Simmeringer Hauptstraße. Quelle: wikipedia/Funke CC BY-SA 4.0

Meine eigene Chefin

Überblick

  • Rund ein Drittel aller Unternehmer und Unternehmerinnen in Wien haben Migrationshintergrund.
  • Die Situation von Unternehmerinnen wird in der Forschung allerdings wenig berücksichtigt.
  • Ein Team vom Institut für Internationale Entwicklung der Universität Wien nimmt sich dieser Forschungslücke an. Ein Ergebnis: Die Kategorie Geschlecht ist in vielen Fällen entscheidender als der Migrationshintergrund.

Von der Simmeringer Hauptstraße bis zur Neubaugasse: Entwicklungsforscherinnen Petra Dannecker, Alexandra Heis und Alev Cakir ziehen in ihrem aktuellen Projekt durch die Geschäftsstraßen Wiens. Ihr Anliegen: Mehr über die Motive der Unternehmerinnen mit Migrationshintergrund sowie deren Lebens- und Arbeitsbedingungen zu erfahren. Wie trägt Selbständigkeit zu sozialer Sicherheit bei und welche Bedeutung hat dabei das Geschlecht? Dies wird im Rahmen des Projekts des dreiköpfigen Teams der Universität Wien auf der Grundlage der Lebensgeschichten und Zukunftsvorstellungen von Unternehmerinnen untersucht.

Im Wiener Kaffeehaus wurde Frau P. aufgrund ihres „chinesischen Aussehens“ als Servicekraft abgelehnt. Wieder und wieder. Schließlich reiste die Österreicherin nach Peking, um dort die Grundlagen der chinesischen Massage zu erlernen. Zwei Jahre später eröffnete Frau P. ihren eigenen kleinen Massagesalon in Wien. Mit Erfolg: Die Leute kommen gerne.
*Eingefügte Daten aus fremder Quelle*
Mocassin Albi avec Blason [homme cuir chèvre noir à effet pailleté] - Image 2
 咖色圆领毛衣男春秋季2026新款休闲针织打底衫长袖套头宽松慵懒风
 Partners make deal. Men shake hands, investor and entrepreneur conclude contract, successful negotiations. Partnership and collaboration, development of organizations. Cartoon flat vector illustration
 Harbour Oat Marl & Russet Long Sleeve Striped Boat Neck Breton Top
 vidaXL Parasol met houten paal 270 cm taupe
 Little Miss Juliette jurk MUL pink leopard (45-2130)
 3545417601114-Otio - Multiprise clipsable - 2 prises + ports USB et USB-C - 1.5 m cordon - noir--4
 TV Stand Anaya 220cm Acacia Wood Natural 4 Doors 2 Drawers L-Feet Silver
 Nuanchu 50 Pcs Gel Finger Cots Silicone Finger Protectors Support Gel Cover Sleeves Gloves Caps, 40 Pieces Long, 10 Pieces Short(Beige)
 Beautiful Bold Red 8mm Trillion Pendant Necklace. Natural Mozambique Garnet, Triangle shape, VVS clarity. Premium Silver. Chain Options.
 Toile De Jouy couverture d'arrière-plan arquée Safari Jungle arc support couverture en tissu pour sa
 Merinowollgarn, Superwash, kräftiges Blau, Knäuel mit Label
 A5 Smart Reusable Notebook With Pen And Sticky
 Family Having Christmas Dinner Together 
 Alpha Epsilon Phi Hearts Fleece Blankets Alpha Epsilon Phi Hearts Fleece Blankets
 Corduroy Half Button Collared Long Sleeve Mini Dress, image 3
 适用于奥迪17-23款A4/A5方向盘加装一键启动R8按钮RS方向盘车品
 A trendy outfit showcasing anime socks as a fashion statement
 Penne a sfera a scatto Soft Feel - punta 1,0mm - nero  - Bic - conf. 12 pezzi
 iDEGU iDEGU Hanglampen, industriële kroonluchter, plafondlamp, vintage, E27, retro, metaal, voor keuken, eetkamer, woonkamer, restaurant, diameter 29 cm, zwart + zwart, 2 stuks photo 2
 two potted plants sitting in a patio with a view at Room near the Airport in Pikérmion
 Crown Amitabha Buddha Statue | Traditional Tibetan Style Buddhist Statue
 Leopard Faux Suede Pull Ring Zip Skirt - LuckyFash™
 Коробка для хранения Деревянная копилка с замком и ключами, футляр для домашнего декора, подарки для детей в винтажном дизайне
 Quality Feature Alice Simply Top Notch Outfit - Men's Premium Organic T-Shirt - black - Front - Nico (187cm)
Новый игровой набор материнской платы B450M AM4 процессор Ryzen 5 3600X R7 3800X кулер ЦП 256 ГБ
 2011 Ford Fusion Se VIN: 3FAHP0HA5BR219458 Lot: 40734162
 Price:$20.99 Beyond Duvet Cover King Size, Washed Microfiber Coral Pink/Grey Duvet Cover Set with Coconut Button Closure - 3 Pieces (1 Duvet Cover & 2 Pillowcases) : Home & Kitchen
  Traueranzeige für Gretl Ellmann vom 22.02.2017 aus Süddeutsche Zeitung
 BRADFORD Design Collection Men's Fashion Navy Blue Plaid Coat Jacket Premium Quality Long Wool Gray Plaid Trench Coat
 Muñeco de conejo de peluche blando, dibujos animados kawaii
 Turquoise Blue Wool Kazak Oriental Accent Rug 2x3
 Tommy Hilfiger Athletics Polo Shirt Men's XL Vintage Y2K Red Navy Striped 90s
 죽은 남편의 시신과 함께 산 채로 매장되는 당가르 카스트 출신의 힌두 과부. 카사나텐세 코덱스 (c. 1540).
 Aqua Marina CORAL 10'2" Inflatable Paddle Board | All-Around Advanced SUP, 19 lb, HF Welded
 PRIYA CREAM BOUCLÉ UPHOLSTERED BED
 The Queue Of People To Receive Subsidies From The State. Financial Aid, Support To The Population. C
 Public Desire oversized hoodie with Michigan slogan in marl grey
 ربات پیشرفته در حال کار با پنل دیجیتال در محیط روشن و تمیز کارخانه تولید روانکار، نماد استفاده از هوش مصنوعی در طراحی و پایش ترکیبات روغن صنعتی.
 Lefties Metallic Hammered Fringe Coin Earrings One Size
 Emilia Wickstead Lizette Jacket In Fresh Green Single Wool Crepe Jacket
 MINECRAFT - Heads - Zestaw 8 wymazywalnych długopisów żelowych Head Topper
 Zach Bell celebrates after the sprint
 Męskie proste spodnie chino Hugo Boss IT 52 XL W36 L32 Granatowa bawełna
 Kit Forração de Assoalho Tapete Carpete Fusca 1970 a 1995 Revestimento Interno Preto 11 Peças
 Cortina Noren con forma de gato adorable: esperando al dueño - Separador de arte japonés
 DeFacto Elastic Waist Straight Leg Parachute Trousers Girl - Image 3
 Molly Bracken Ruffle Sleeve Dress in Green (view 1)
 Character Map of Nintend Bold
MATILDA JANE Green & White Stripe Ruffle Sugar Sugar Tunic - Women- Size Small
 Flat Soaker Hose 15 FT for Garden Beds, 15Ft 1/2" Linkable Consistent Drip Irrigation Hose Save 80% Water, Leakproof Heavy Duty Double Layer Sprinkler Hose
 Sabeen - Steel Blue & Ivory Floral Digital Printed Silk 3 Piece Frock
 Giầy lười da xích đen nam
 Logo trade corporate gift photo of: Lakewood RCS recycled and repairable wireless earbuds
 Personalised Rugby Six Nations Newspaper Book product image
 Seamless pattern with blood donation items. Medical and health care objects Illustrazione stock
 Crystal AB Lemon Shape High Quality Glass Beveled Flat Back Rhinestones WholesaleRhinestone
 ‚Ethnizität‘ als Sicherheitsressource

„Frau P. hat sich die ethnische Zuschreibung, die ihre Arbeitssuche erschwert hat, zu Nutze gemacht, um sich ökonomisch zu positionieren“, kommentiert Entwicklungsforscherin Petra Dannecker, die sich in ihrem aktuellen Projekt gemeinsam mit Alexandra Heis und Alev Cakir mit der Bedeutung von Sicherheit für migrantisches Unternehmerinnentum in Wien beschäftigt. Frau P. ist nur eine von vielen Personen, die den ihr zugeschriebenen Migrationshintergrund oder den Migrationshintergrund ihrer Familien auf dem Arbeitsmarkt strategisch einsetzt und damit ihre soziale und wirtschaftliche Sicherheit selbst definiert. „Das sagt viel über unsere Gesellschaft und die stattfindenden Differenzierungen und Diskriminierungen aus“, findet das Team vom Institut für Internationale Entwicklung. Viele der befragten Frauen sehen in der Selbstständigkeit die beste und oftmals auch einzige Möglichkeit, sich ökonomisch und gesellschaftlich zu integrieren.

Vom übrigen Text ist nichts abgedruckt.